Task directions: In the data below, begin at the line with "Sink The Bismarck!" and stop after the line with "Cat & Letter"; output those lines exactly and no pictures.

Entries supplied:
******************************

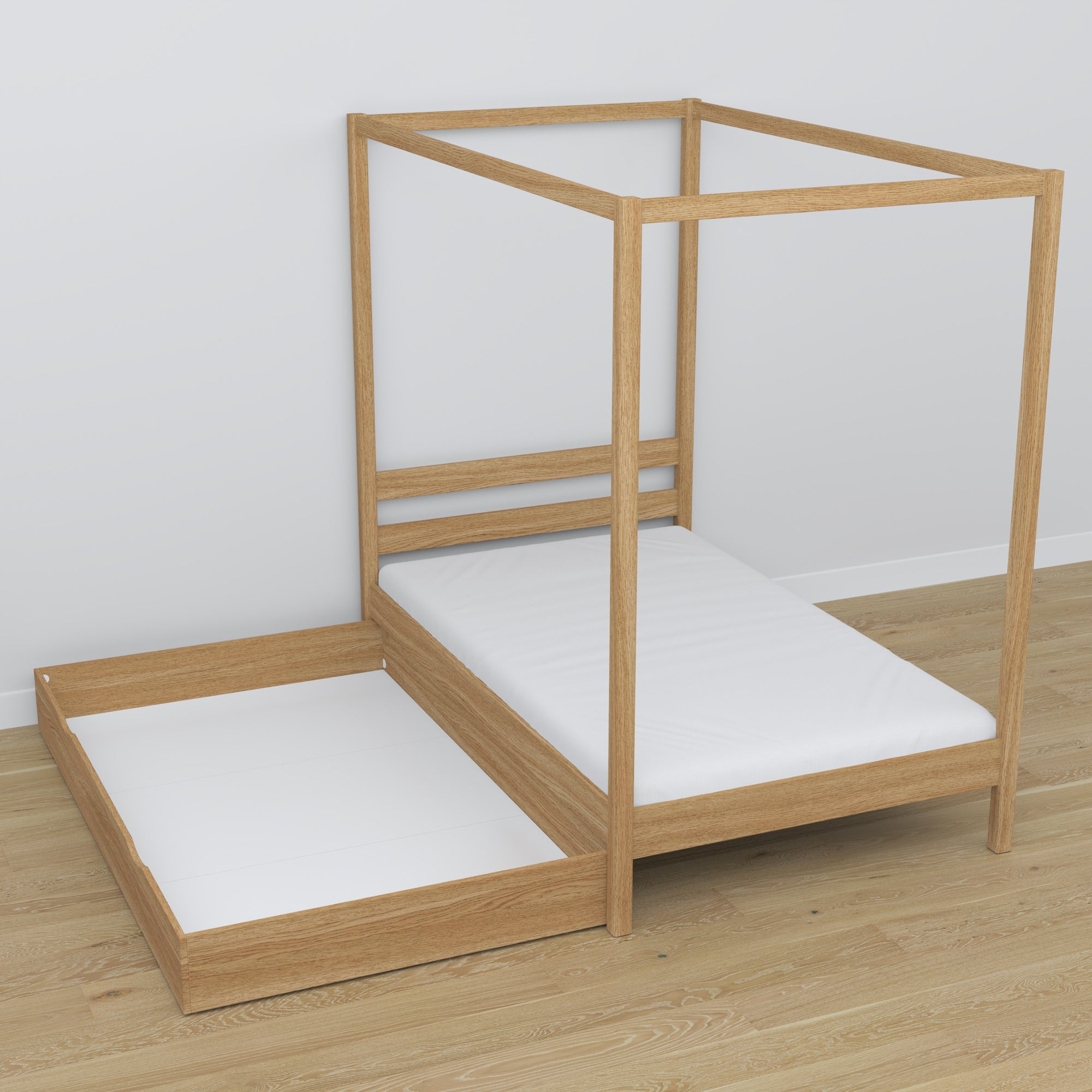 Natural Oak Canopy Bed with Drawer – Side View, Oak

******************************

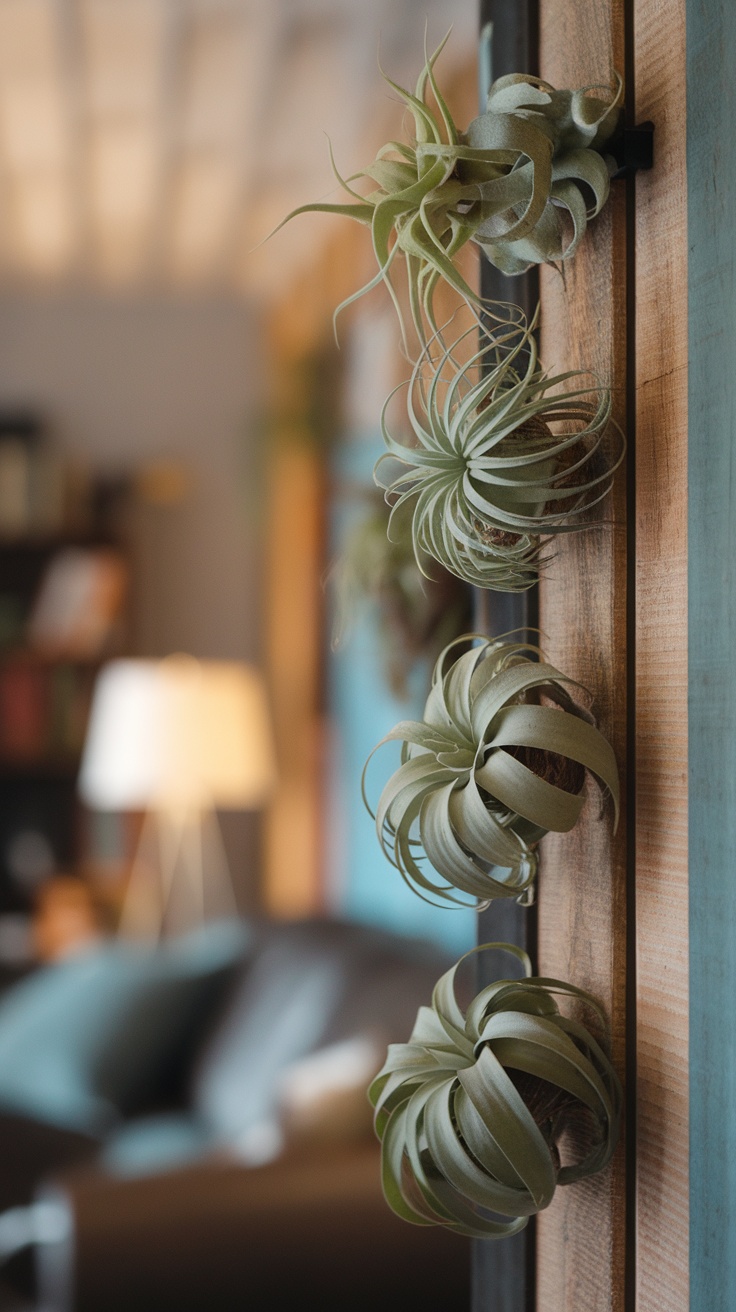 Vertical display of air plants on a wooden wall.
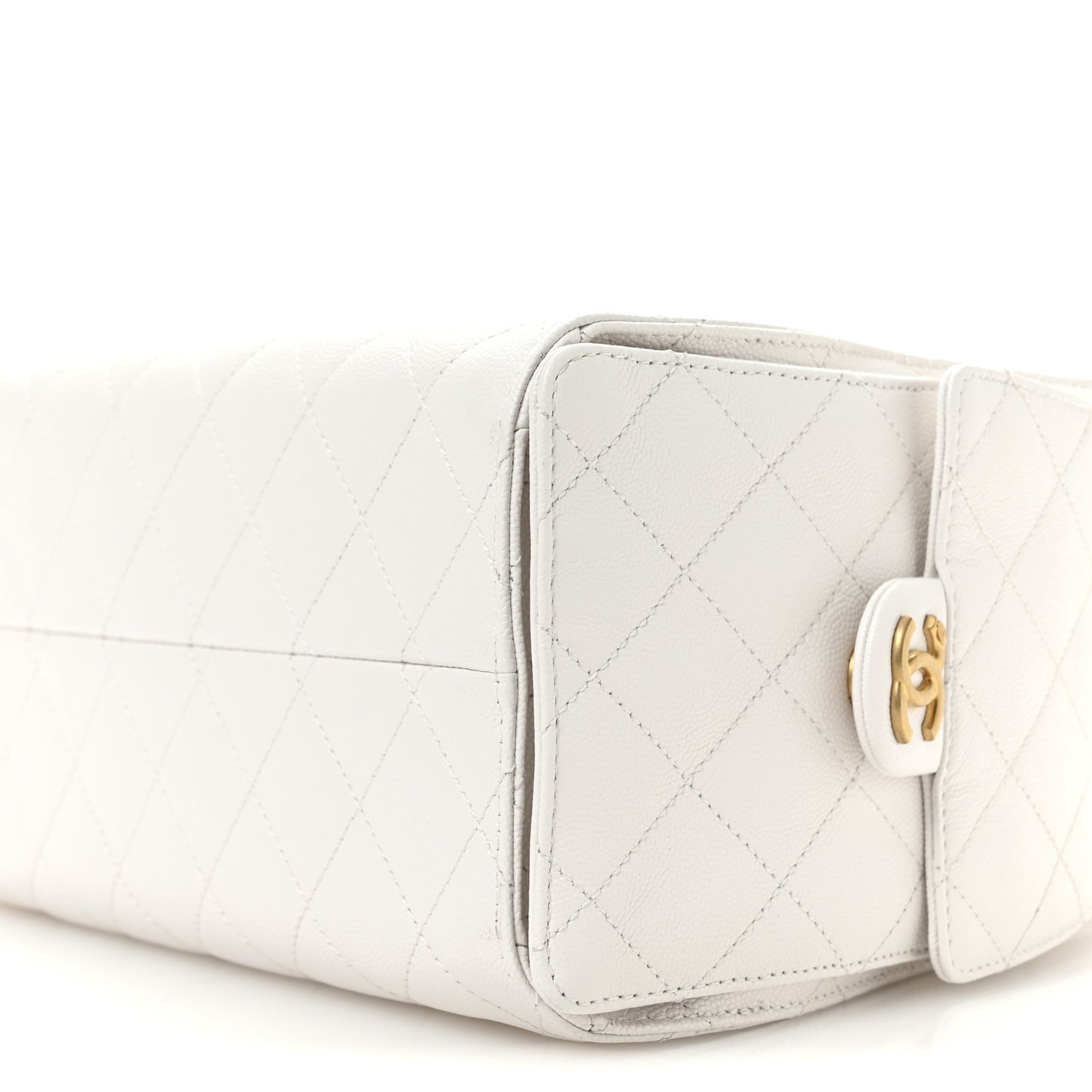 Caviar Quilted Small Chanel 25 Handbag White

******************************

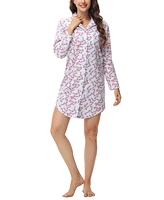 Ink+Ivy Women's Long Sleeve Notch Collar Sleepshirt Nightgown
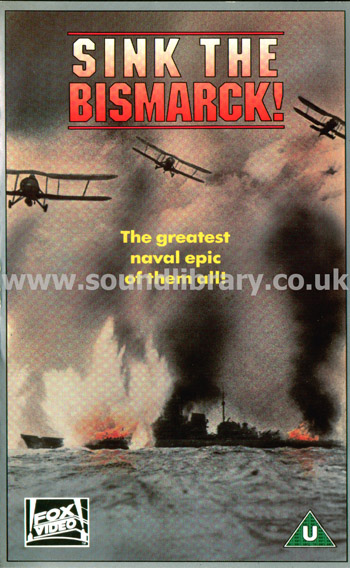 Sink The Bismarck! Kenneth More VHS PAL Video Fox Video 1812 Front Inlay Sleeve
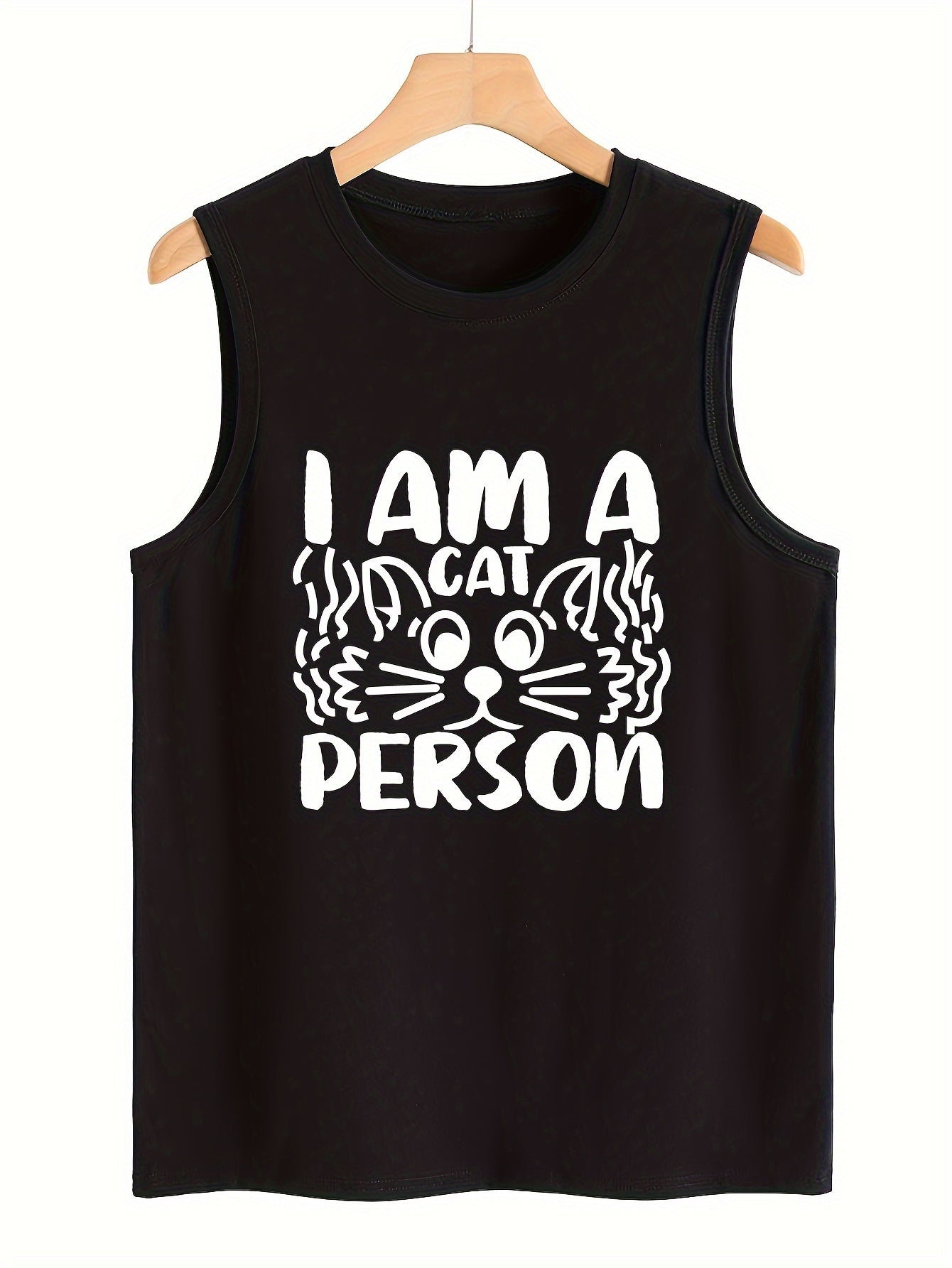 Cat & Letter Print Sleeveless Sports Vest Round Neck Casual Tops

******************************

Solution to this exercise:
 Sink The Bismarck! Kenneth More VHS PAL Video Fox Video 1812 Front Inlay Sleeve
 Cat & Letter Print Sleeveless Sports Vest Round Neck Casual Tops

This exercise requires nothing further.